My pup is 9wks tomorrow... and seems to have one up all the time (or most) but the other doesn't even look as though it will go up soon lol.

When will the other catch up?

Sorry, I know patience is a virtue... but I'm anxious!


----------



## gsdsar (May 21, 2002)

My pups went up full time at 11.5 weeks. But I would not worry until much later than that. 

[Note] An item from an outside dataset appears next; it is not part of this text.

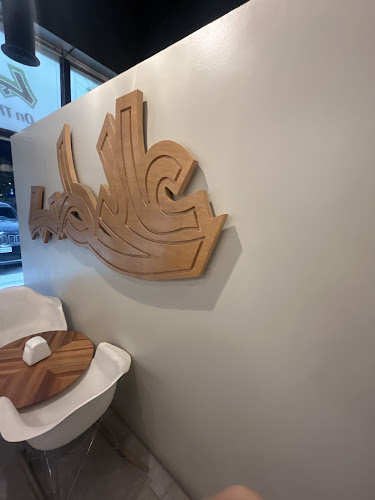 Opinii despre On The Wood - RAK în Ras Al-Khaimah - Hospitality and gastronomy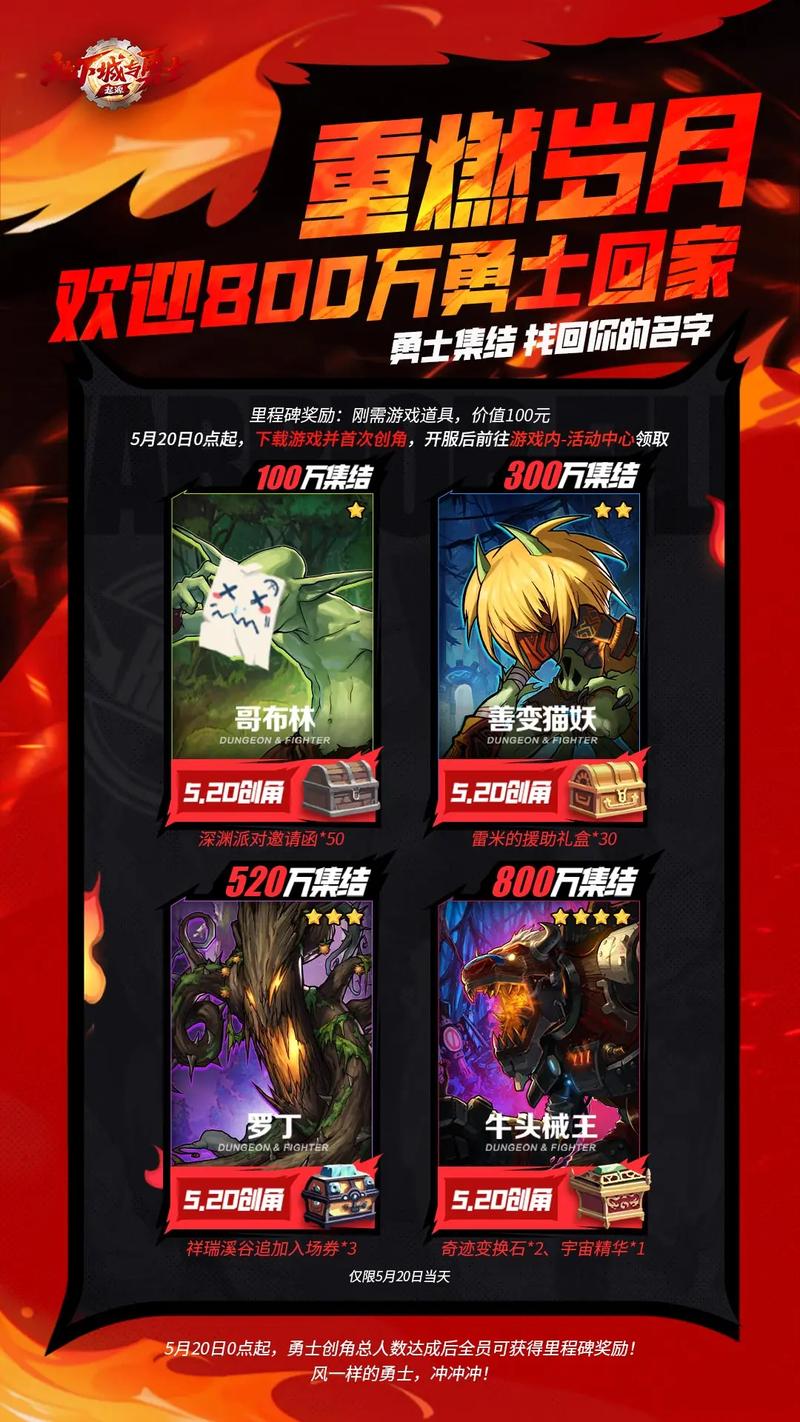 地下城手游起源安卓版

Sent from Petguide.com Free App


----------



## doggiedad (Dec 2, 2007)

the dog i have now ears went up at 5 months. my last dog
ears went up at 6 months. both dogs ears did the dance
before going up "one ear up, one ear down, both ears all around".


----------



## AngelaA6 (Jan 20, 2013)

Such a cutie! And I've heard that during teething the ears will flop up and down for a couple months. My pup's ears were up when I got him at 4 months but in the morning they're in helicopter mode cause he's sleepy :wub: he's almost 10 months now. They look like this dog's ears in the first post in the morning : http://www.germanshepherds.com/forum/pictures-pictures-pictures/119621-helicopter-ears.html

I keep scrolling up to squee at your puppy I'm sorry he's just too cute!


----------



## GSDNewbie1024 (Oct 23, 2012)

AngelaA6 said:


> Such a cutie! And I've heard that during teething the ears will flop up and down for a couple months. My pup's ears were up when I got him at 4 months but in the morning they're in helicopter mode cause he's sleepy :wub: he's almost 10 months now. They look like this dog's ears in the first post in the morning : http://www.germanshepherds.com/forum/pictures-pictures-pictures/119621-helicopter-ears.html
> 
> I keep scrolling up to squee at your puppy I'm sorry he's just too cute!



Were they up permanently?

I cant wait for his ears to go up! :wild:


----------



## Cassidy's Mom (Mar 30, 2003)

Read this thread: http://www.germanshepherds.com/forum/ears-up/136570-8-9-10-weeks-old-ears-not-up.html

And this one: http://www.germanshepherds.com/forum/ears-up/145073-ear-stages-pictorial.html

Your question is so common that these two threads are sticked at the top of the Ears Up forum so they're easy to find.


----------



## AngelaA6 (Jan 20, 2013)

Yep his ears are up permanently


----------



## GSDNewbie1024 (Oct 23, 2012)

Cassidy's Mom said:


> Read this thread: http://www.germanshepherds.com/forum/ears-up/136570-8-9-10-weeks-old-ears-not-up.html
> 
> And this one: http://www.germanshepherds.com/forum/ears-up/145073-ear-stages-pictorial.html
> 
> Your question is so common that these two threads are sticked at the top of the Ears Up forum so they're easy to find.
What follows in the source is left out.